The bill was gaining support each year and in 1981, after studying what other states had done, representatives of the hospitality industry including Angus Cotton, John Curry, John David Rose and Ashby Ward held several meetings with Representative Keyserling to craft a bill that would provide a guaranteed amount for tourism promotion as well as funds for appropriate arts activities.
At that time only 16 of South Carolina's 46 counties had significant tourism activity. The remaining 30 counties fought the legislation claiming that there citizens would suffer by having to pay the tax when visiting the popular coastal areas. To get their support, the "Robin Hood" amendment was added which required that the rich tourism areas give some funds to those not otherwise benefiting from the tax.

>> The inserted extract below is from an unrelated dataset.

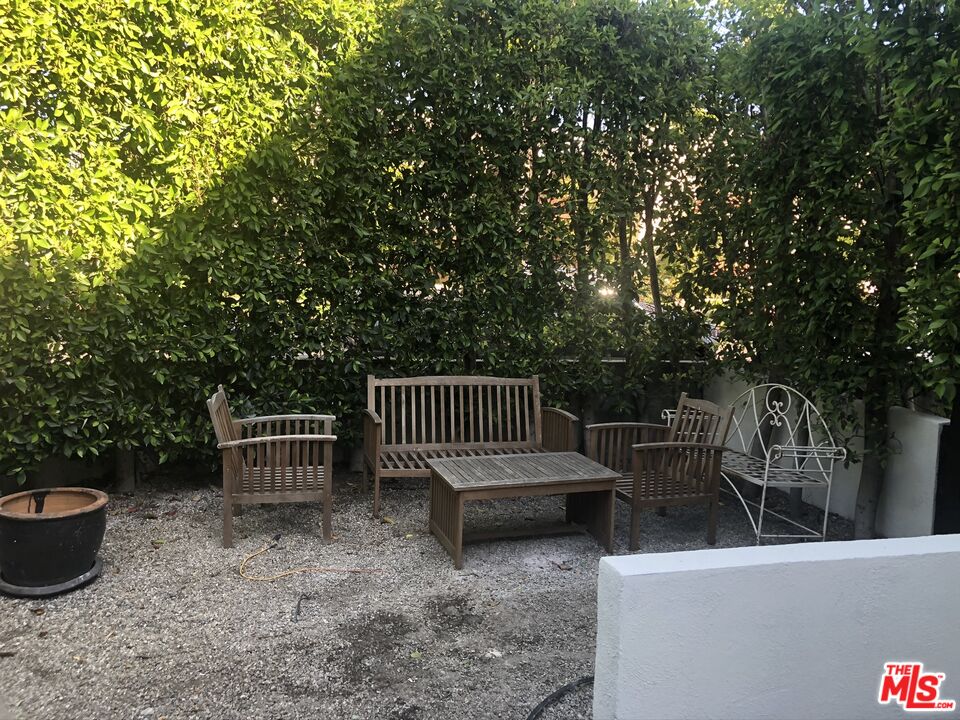 851 N Alfred St Unit: 1/2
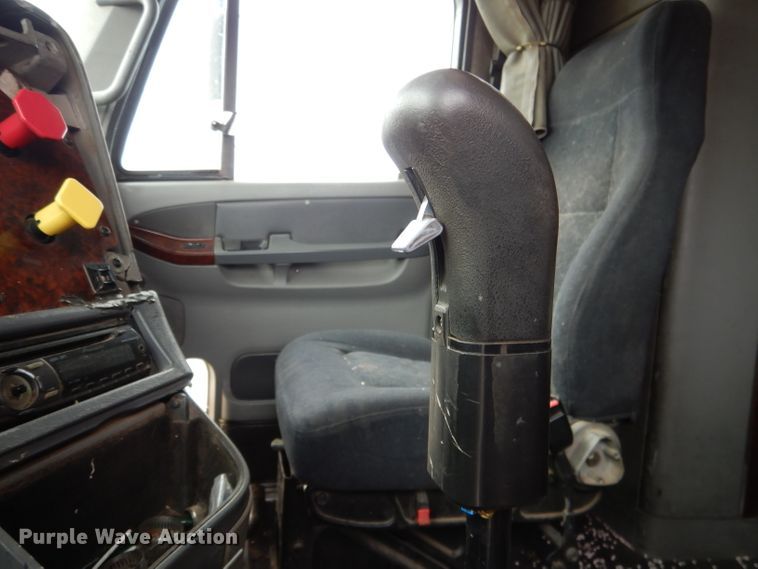 image for item DG5849 2001 Freightliner Century Class semi truck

The bill that passed in 1983 gave the first $25,000 to the general fund of the county or municipality where it was collected. 25% of the balance was to go to a non-profit organization with a track record of tourism promotion for marketing. An advisory committee was required for every county and municipality that collected in excess of $50,000 annually and the special rules established for "high tourism impact" areas which let the remaining funds be spent, in part, for general services above what would normally be required if there was not significant tourism impact.
The bill was later modified giving counties/municipalities 5% in addition to the $25,000 and the designated marketing agency an additional 5% for a total of 30%. There have been minor modifications over time and there is still a need for some clarification on many issues but the tax has served us well.